### [About this exercise]
Leave the pictures in the listing below aside and reproduce exactly the lines starting with the one with "2 Packs Sonic" and going on through the one with "Bicicleta estacionada y", both ends included.

### [Dataset records]
=== Begin Enclosure ===
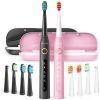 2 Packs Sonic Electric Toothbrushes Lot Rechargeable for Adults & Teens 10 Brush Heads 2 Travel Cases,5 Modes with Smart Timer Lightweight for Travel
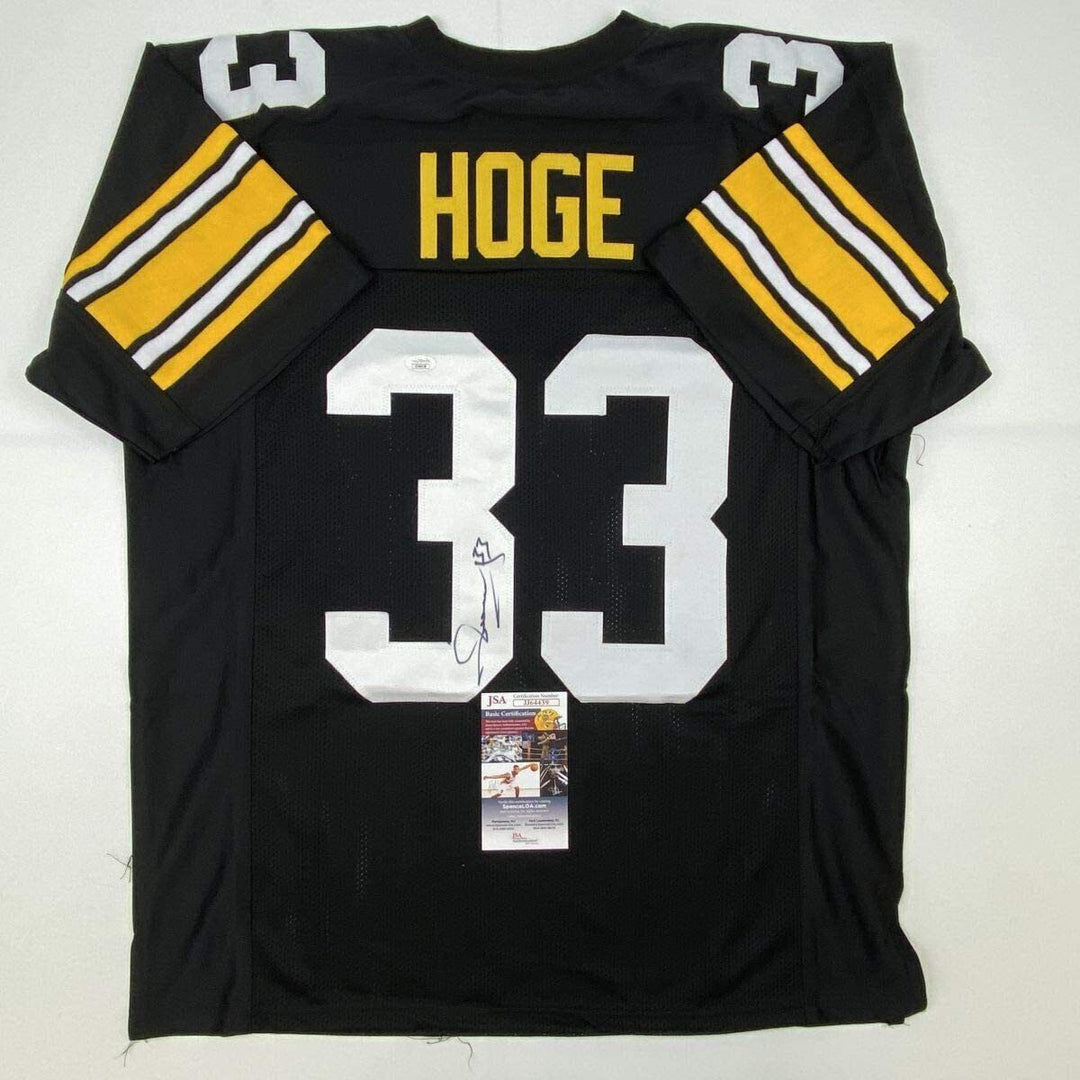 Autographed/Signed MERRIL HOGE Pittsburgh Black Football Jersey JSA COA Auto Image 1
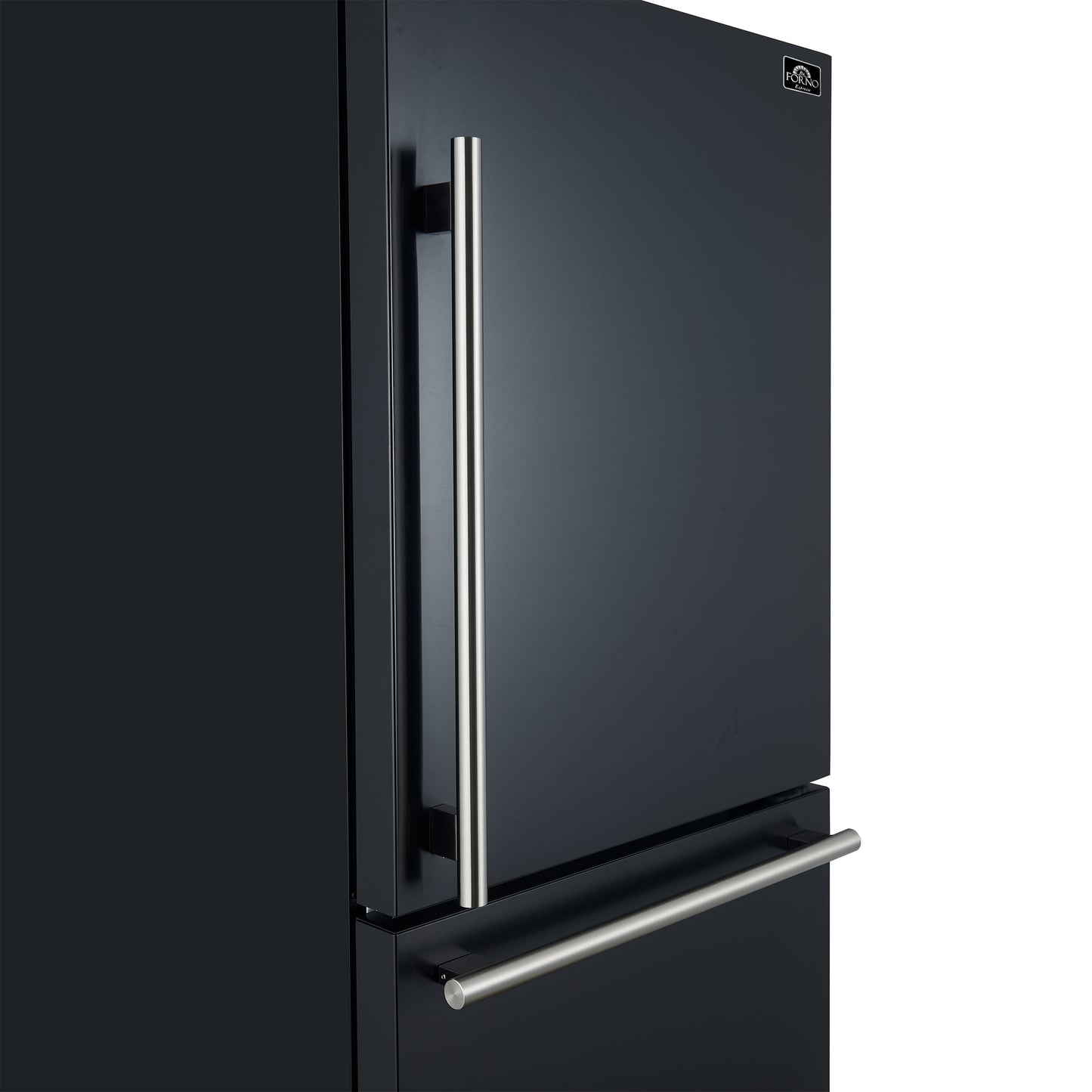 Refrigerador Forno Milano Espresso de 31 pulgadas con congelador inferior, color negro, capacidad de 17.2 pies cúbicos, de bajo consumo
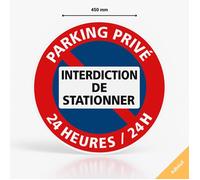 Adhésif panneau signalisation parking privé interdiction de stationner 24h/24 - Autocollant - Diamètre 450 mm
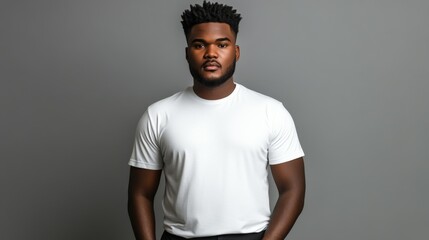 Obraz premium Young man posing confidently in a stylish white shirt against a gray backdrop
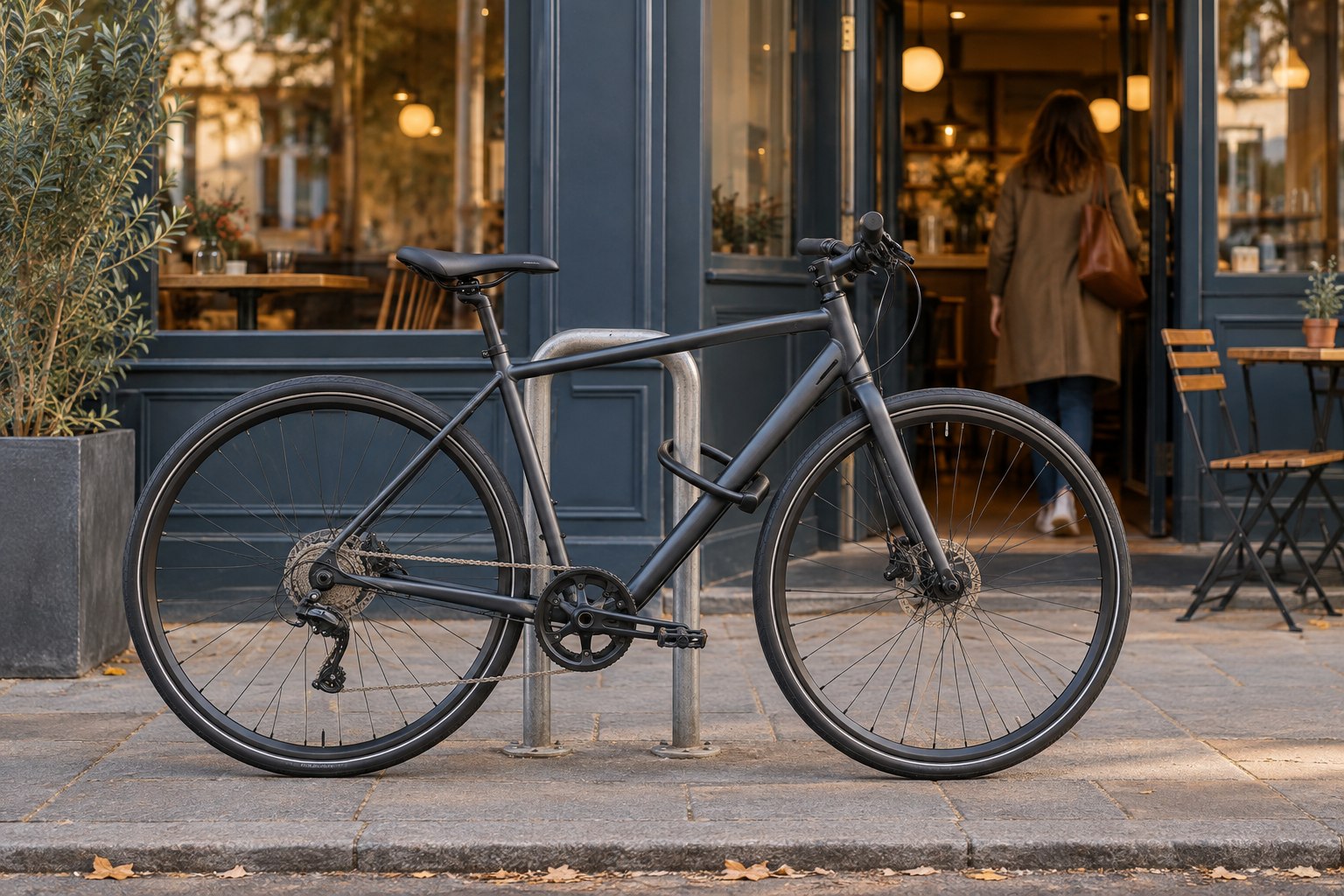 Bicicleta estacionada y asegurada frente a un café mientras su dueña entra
=== End Enclosure ===
=== Begin Enclosure ===
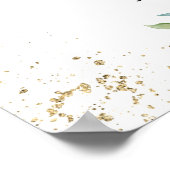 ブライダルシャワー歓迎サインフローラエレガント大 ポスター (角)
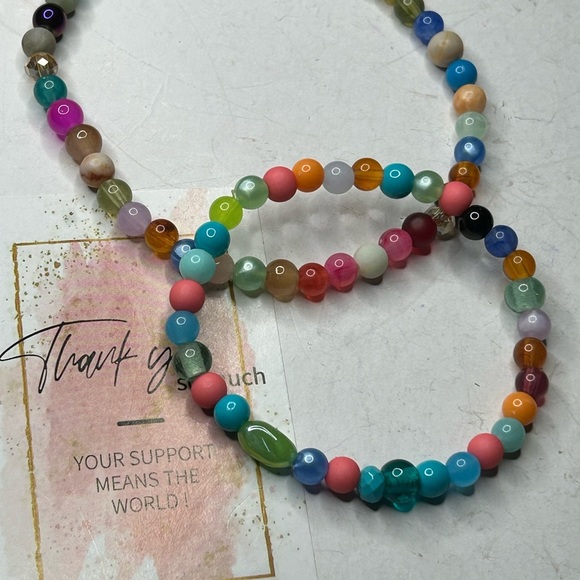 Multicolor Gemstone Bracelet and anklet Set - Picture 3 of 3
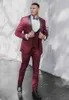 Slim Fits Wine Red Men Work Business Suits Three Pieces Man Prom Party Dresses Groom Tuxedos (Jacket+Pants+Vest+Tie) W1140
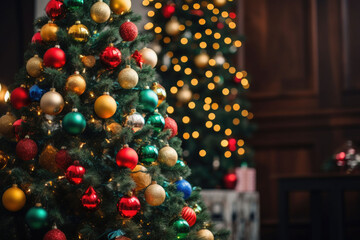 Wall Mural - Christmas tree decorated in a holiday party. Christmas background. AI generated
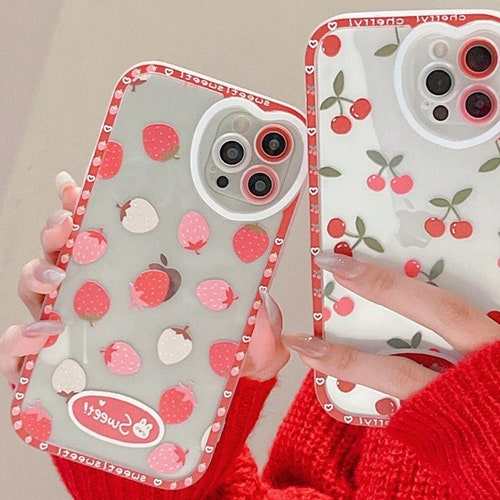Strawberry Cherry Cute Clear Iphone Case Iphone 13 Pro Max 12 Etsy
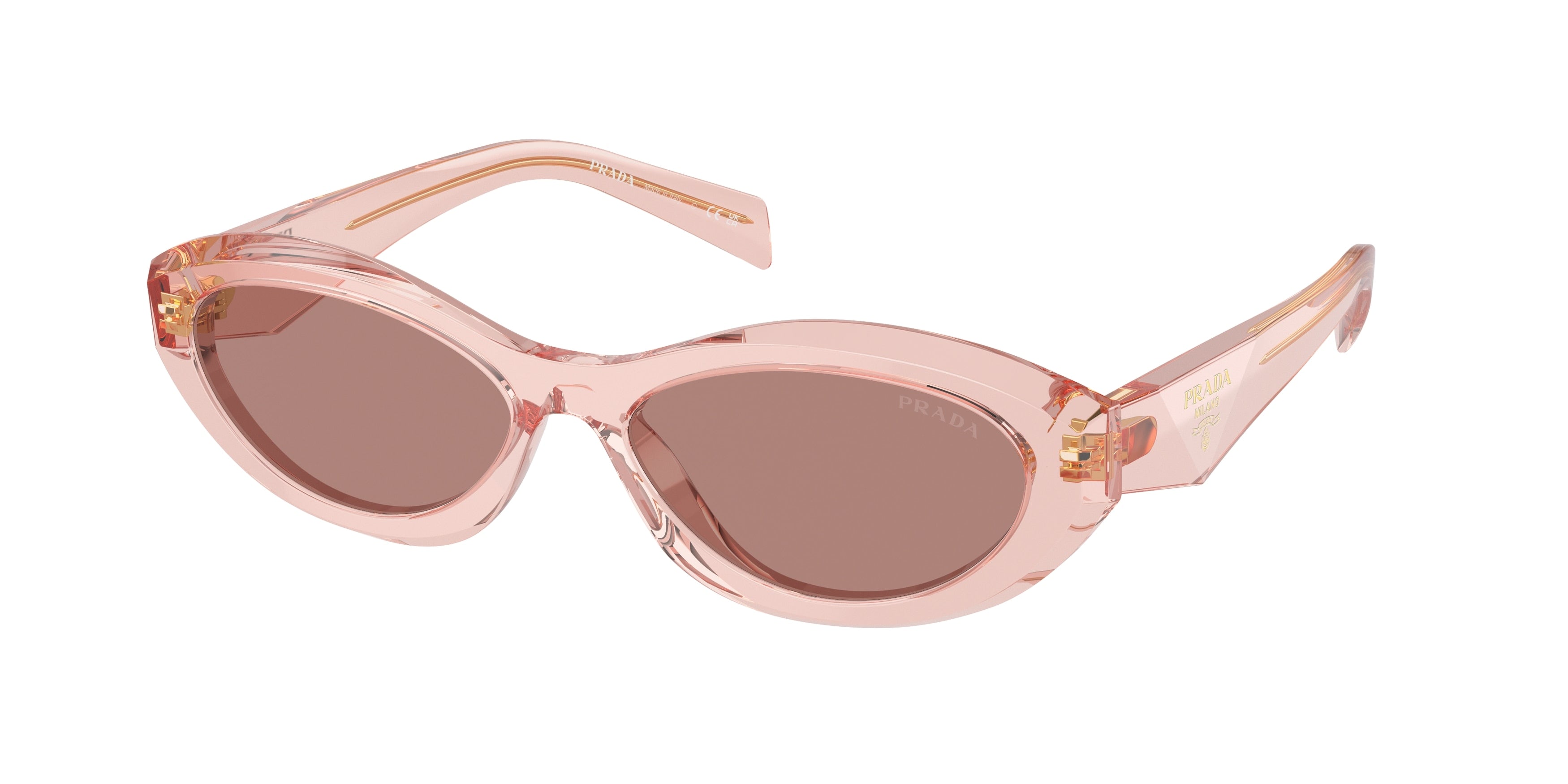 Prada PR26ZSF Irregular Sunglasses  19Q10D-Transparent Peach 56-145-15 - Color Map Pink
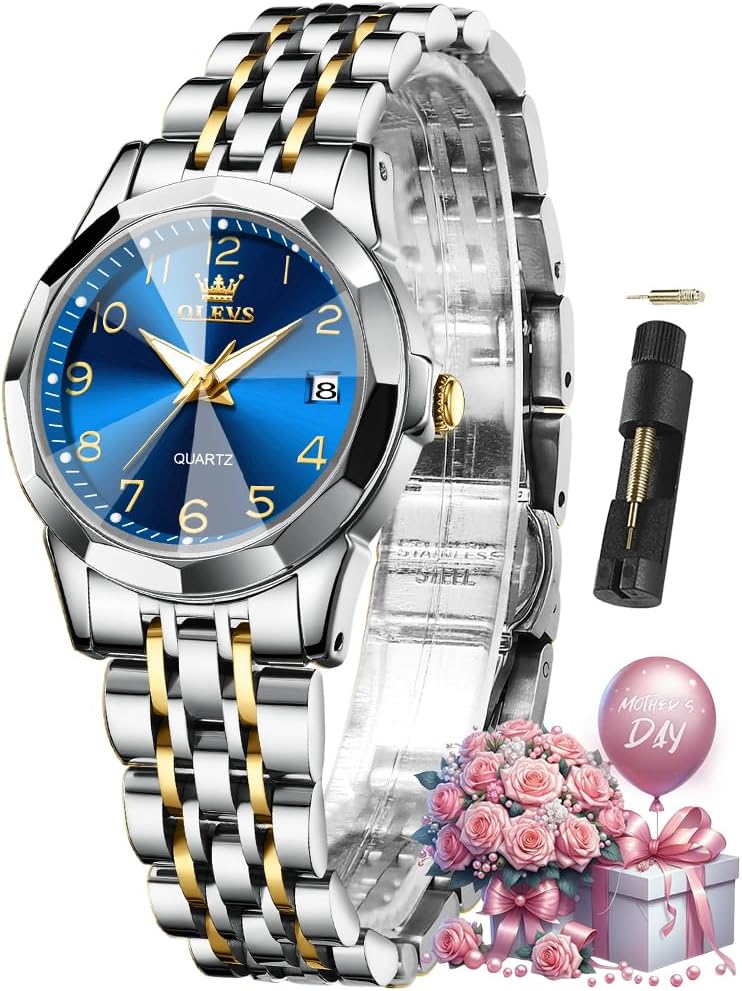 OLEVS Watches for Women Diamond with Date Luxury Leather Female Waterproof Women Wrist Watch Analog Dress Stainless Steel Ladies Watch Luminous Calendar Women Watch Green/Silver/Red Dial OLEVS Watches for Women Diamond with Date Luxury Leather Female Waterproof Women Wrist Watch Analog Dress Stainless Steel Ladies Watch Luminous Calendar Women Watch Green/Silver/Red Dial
=== End Enclosure ===
=== Begin Enclosure ===
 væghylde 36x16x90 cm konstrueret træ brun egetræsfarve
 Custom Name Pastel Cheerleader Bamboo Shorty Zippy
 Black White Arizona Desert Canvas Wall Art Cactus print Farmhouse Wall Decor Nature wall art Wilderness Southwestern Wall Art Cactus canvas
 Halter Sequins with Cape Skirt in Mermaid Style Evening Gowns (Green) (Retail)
=== End Enclosure ===
### [Solution to the problem]
 2 Packs Sonic Electric Toothbrushes Lot Rechargeable for Adults & Teens 10 Brush Heads 2 Travel Cases,5 Modes with Smart Timer Lightweight for Travel
 Autographed/Signed MERRIL HOGE Pittsburgh Black Football Jersey JSA COA Auto Image 1
 Refrigerador Forno Milano Espresso de 31 pulgadas con congelador inferior, color negro, capacidad de 17.2 pies cúbicos, de bajo consumo
 Adhésif panneau signalisation parking privé interdiction de stationner 24h/24 - Autocollant - Diamètre 450 mm
 Obraz premium Young man posing confidently in a stylish white shirt against a gray backdrop
 Bicicleta estacionada y asegurada frente a un café mientras su dueña entra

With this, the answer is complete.